В ответ она размахнулась, чтобы ударить меня, но я увернулась, а планшет вылетел из её рук и упал на пол. Я ринулась, чтобы поднять его, и вдруг сквозь ту пелену, что застилала мои глаза увидела на нём трещину, что расползлась по почерневшему экрану. На минуту я просто потеряла дар речи, просто слова застряли во рту, и я начала задыхаться.
– Ты…ты…что ты наделала… я тебя ненавижу! – слёзы прыснули из глаз, и я потеряла над собой контроль.
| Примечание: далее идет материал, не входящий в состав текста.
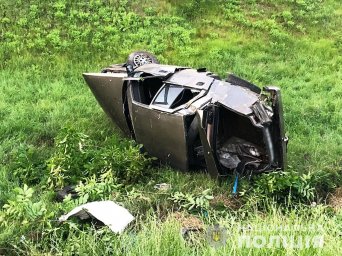 В ДТП в Черниговской области пострадали три человека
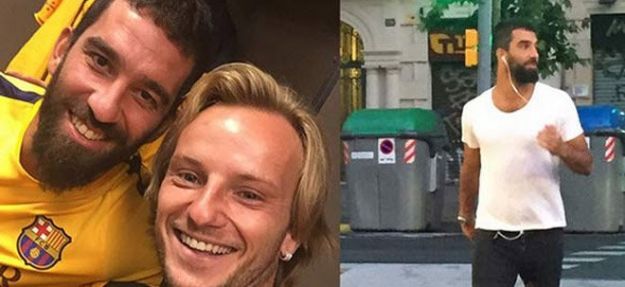Rakitic'ten Arda'ya Türkçe mesaj!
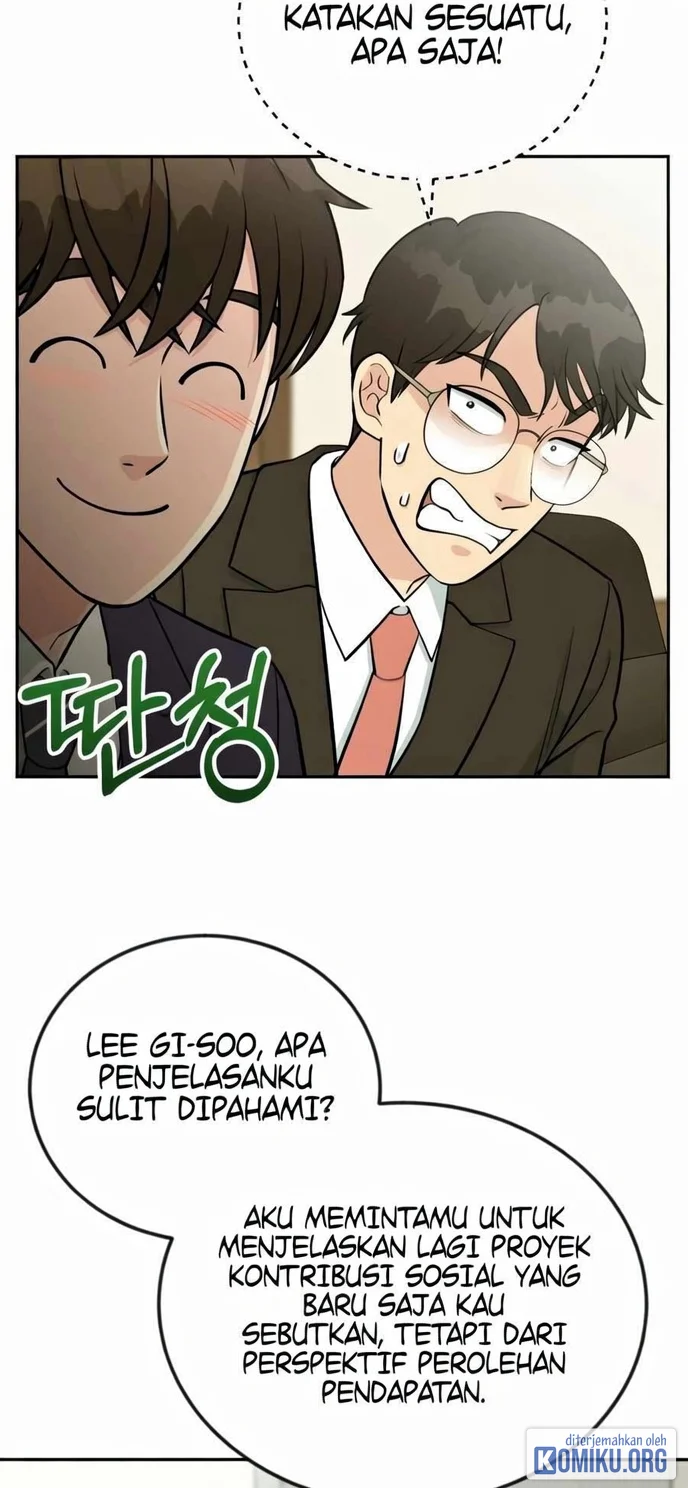 Reincarnated as a New Employee Chapter 48 - halaman 49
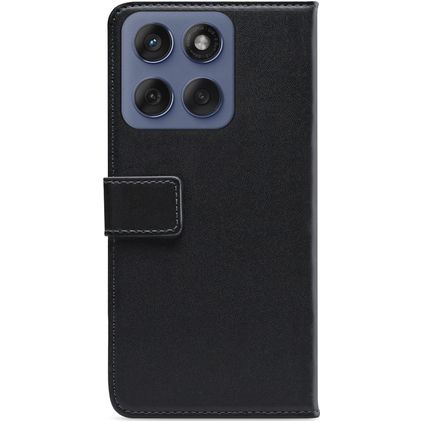 Mobilize Classic Gelly Wallet Motorola Edge 60 Fusion Pungetui med Seddelrum - Sort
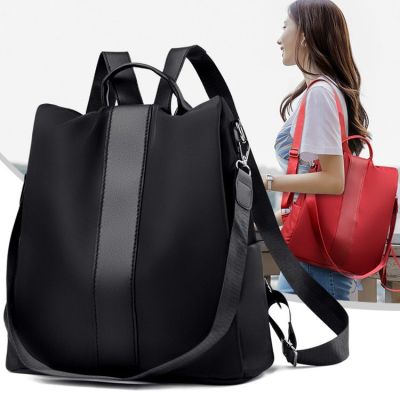 Cross-border bag 2022 new anti-theft backpack female fashion Oxford cloth large capacity backpack bag leisure travel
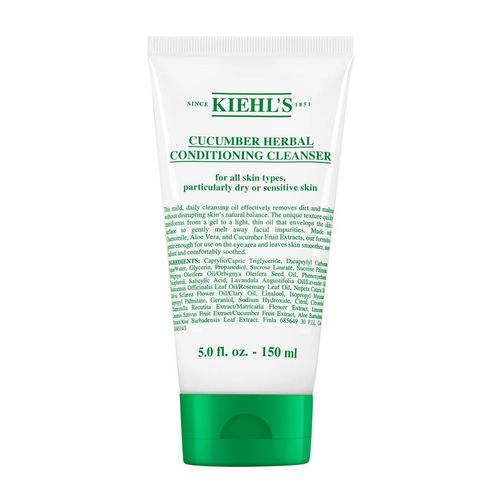 Sữa Rửa Mặt Dưa Leo Kiehl's Cucumber Herbal Conditioning Cleanser 150ml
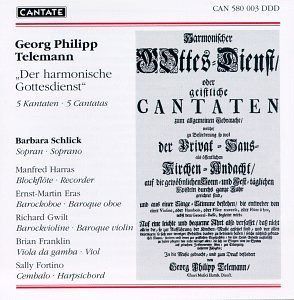 【CD】Harmonious Mass/Cantata (5)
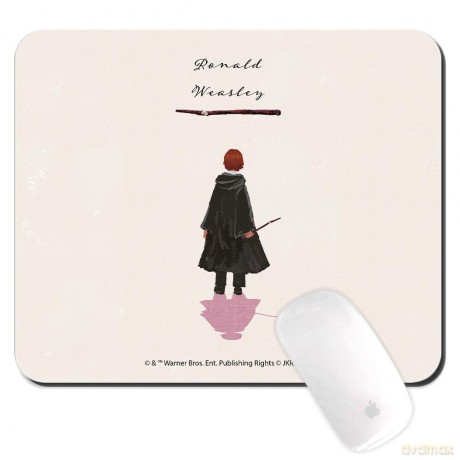 Podkładka pod mysz Ron Weasley 001 Harry Potter Beżowy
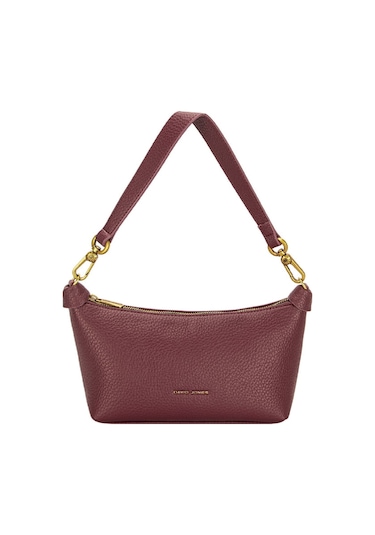 David Jones Kadın Omuz Çantası Cm7109 Bordo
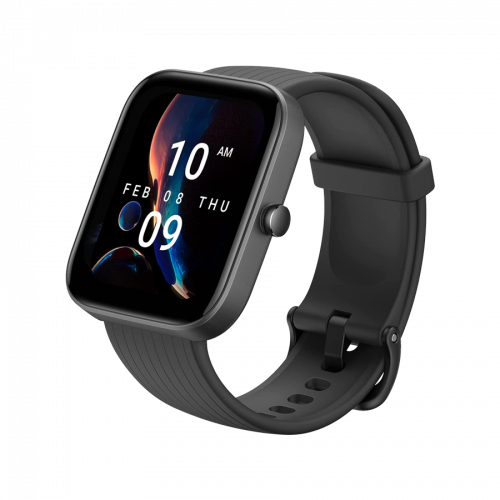 ساعة ذكية أمازفيت بيب 3 برو - أسود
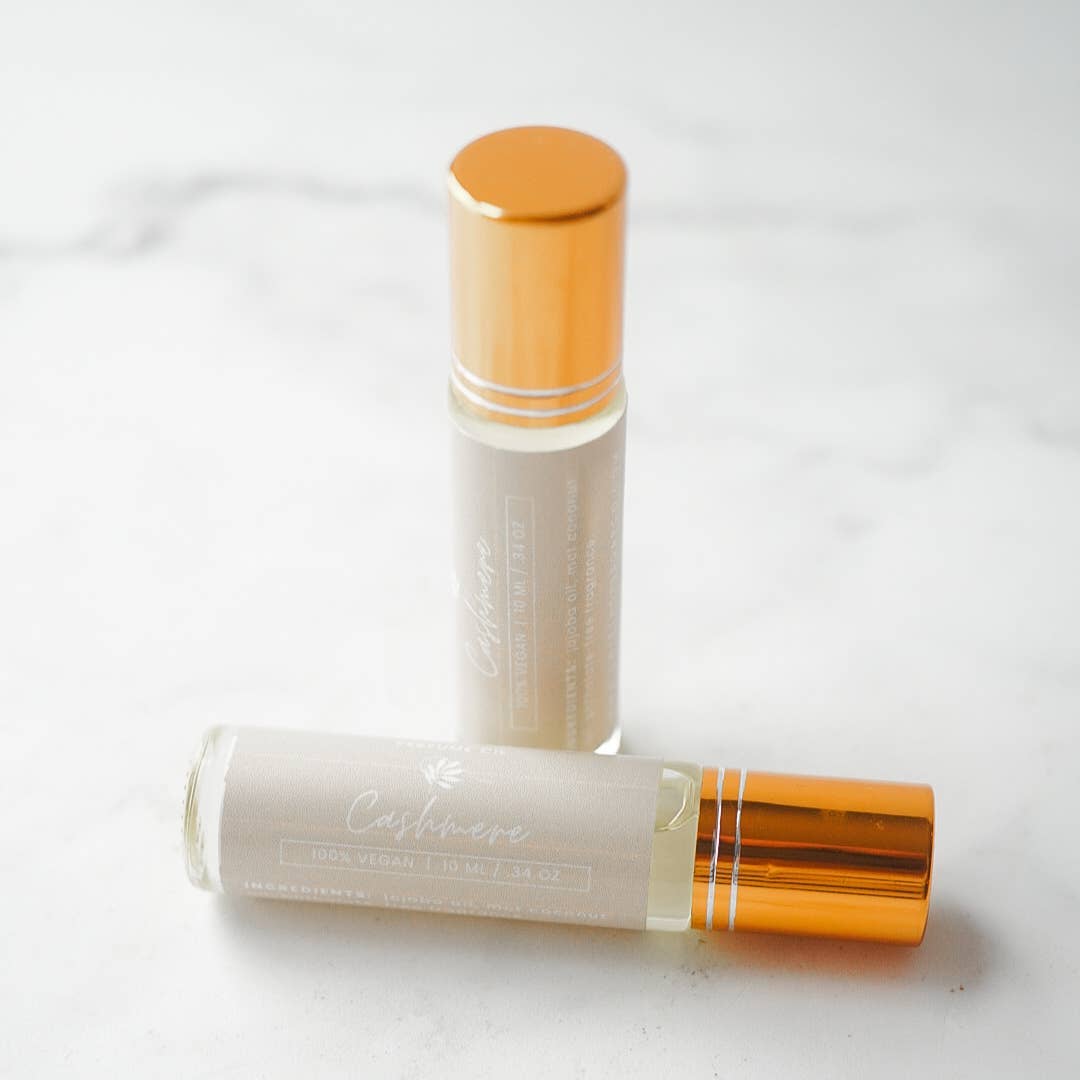 Cashmere Perfume Roller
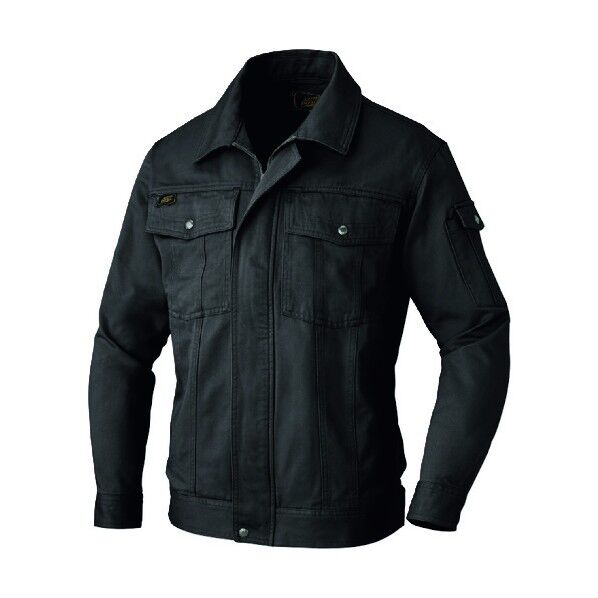 長袖ブルゾン 044チャコール S 6540 1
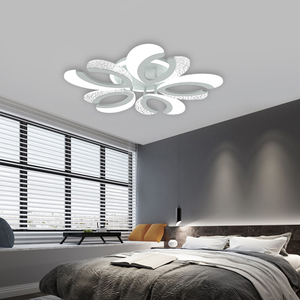 Forma <span class=keywords><strong>de</strong></span> <span class=keywords><strong>la</strong></span> flor <span class=keywords><strong>de</strong></span> decoración <span class=keywords><strong>de</strong></span> acrílico moderno lobby del <span class=keywords><strong>hotel</strong></span> <span class=keywords><strong>de</strong></span> <span class=keywords><strong>la</strong></span> luz <span class=keywords><strong>de</strong></span> techo - Product Image 2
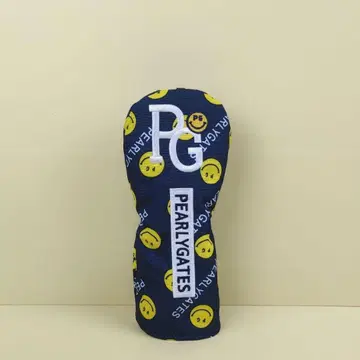 스마일리 페이스 드라이버용 골프헤드커버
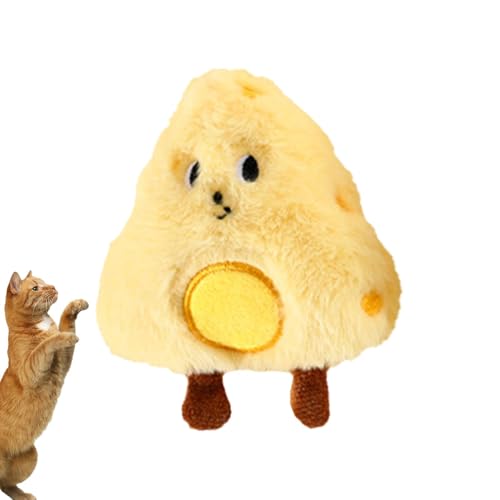 Senermter Katzenspielzeug Katzenminze, Katzenspielzeug mit Katzenminze,Plüschtiere Interaktive Cartoon-Puppe | Cat Nip Toys Weiches Haustierspielzeug, Kätzchenspielzeug mit integrierter Glocke, Senermter Katzenspielzeug Katzenminze, Katzenspielzeug mit Katzenminze,Plüschtiere Interaktive Cartoon-Puppe | Cat Nip Toys Weiches Haustierspielzeug, Kätzchenspielzeug mit integrierter Glocke, von Senermter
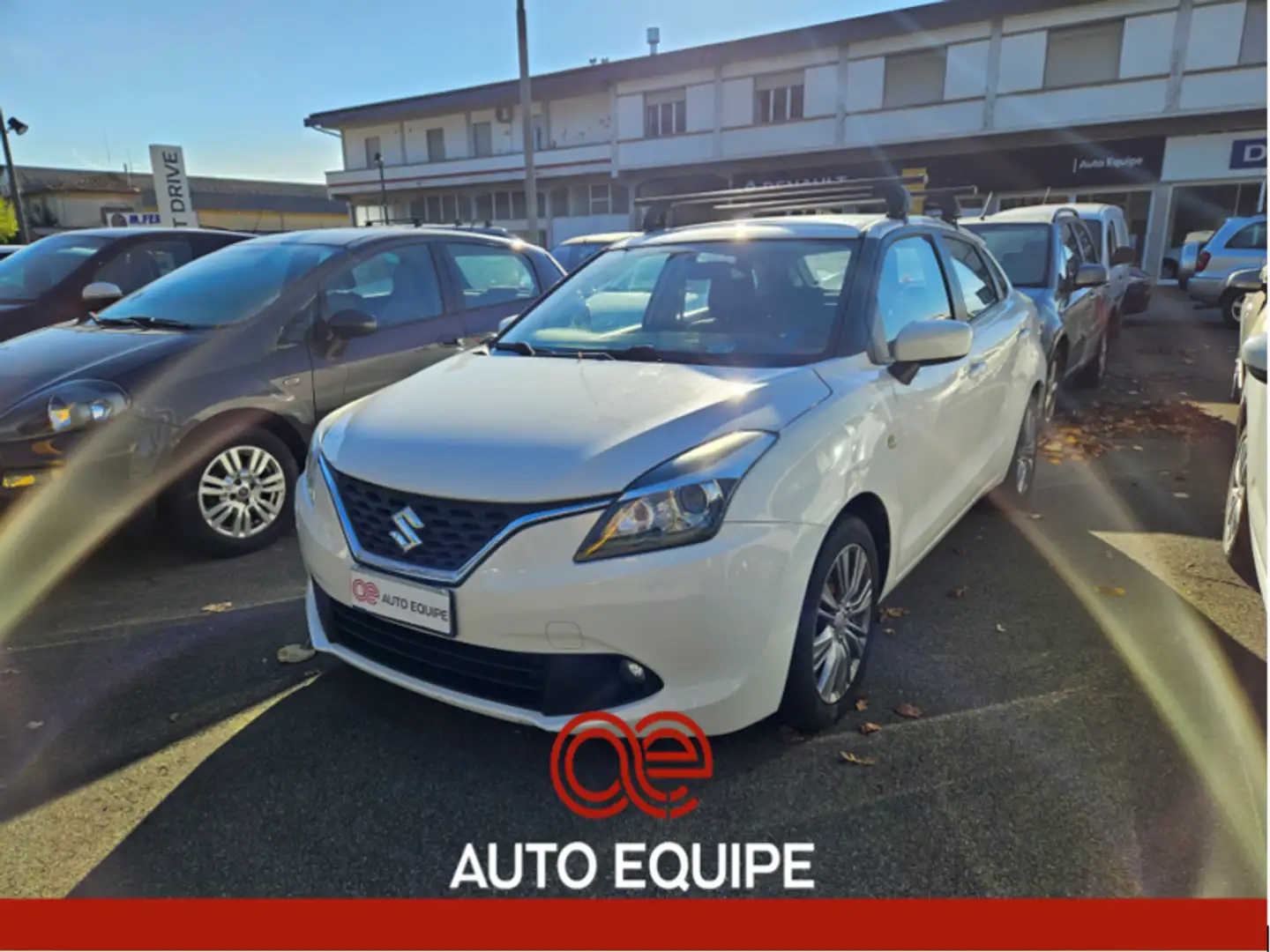 Suzuki Baleno 1.2 VVT Dualjet B-Cool Bianco - 1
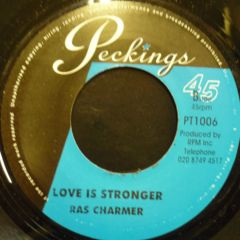 Peter Hunnigale / Good Old Love , Ras Charmer / Love Is Stronger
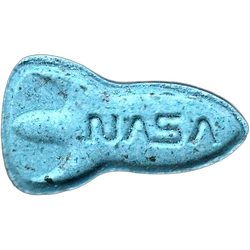 Comprimé NASA — 2C-B 13mg — Madrid, Espagne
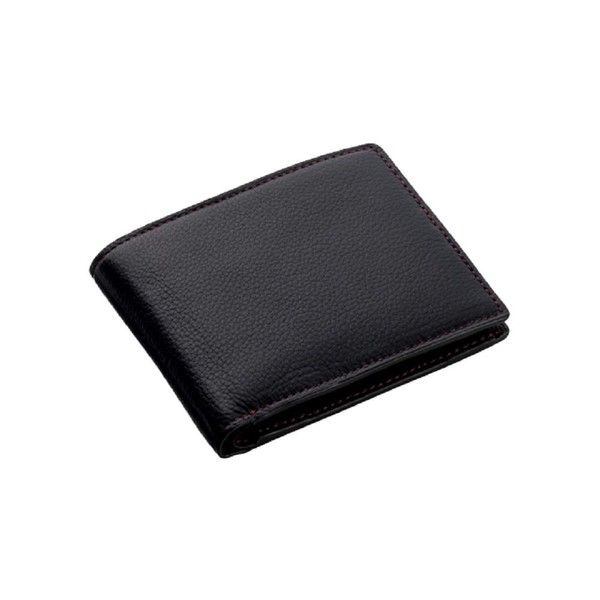 [SPAD] Breirio YAK Leather Billfold Coin Purse 123-15 Black x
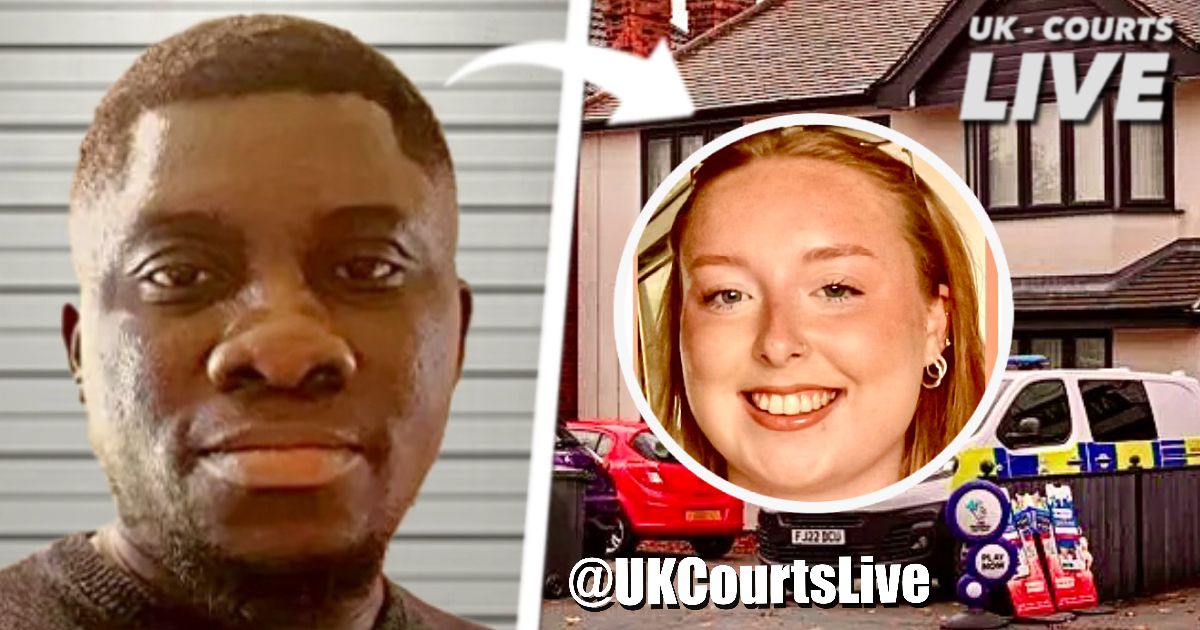 🔴 Adedapo Adegbola, 40, in court charged with murder of student Stephanie Irons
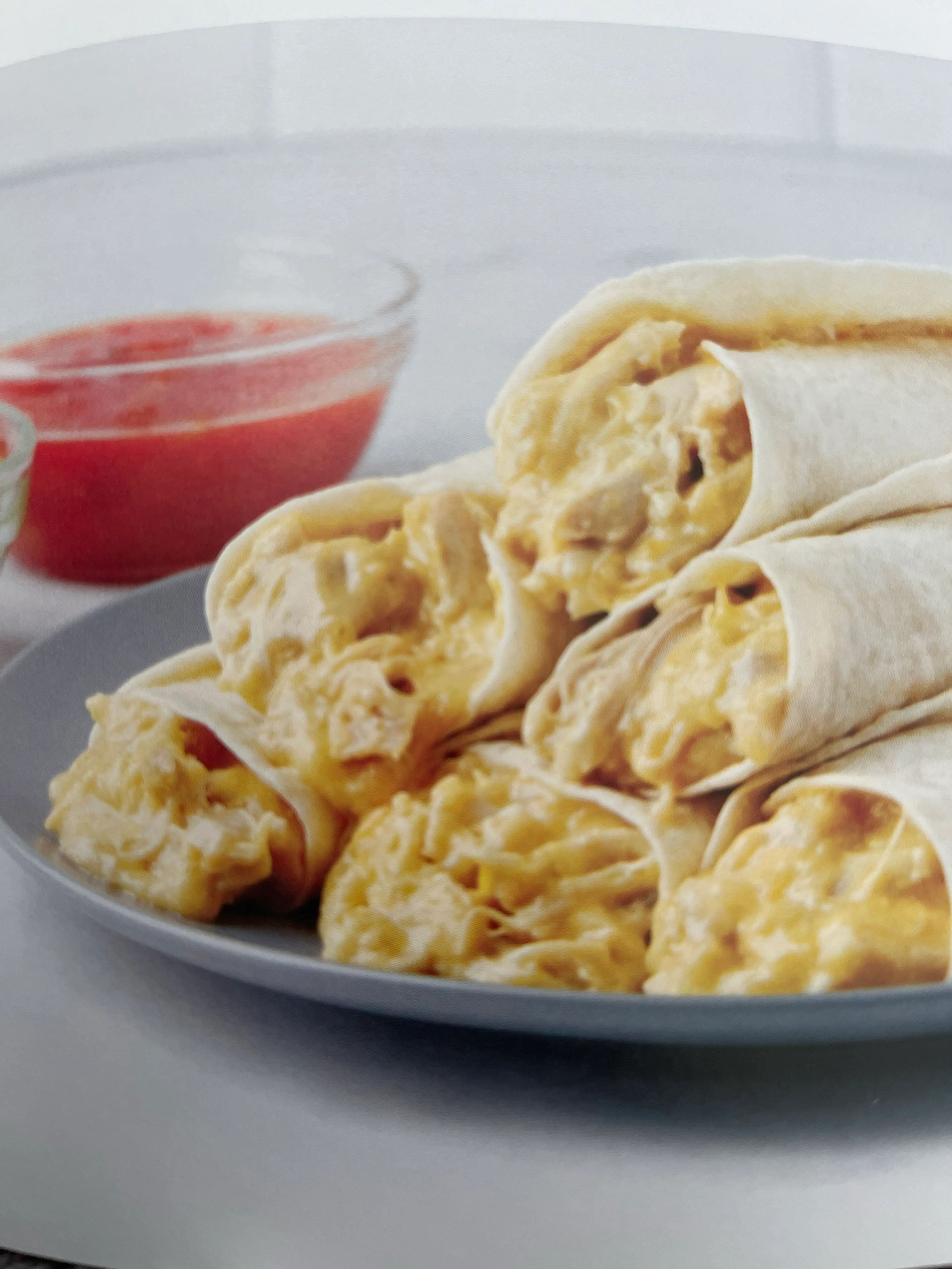 Cheesy Chicken Roll-ups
Я не могла находиться здесь больше, не хотела. Хлопнув дверью так, что штукатурка посыпалась, я выскочила в подъезд, кинувшись по лестнице вверх. Потом затаилась, пытаясь отдышаться. Мать открыла дверь, выглянув, и прошла по лестнице вниз два пролёта.
– Вернёшься сама! Иди, гуляй ночью, продолжай…, – она вернулась и закрыла дверь за собой, хоть и не повернув ключи.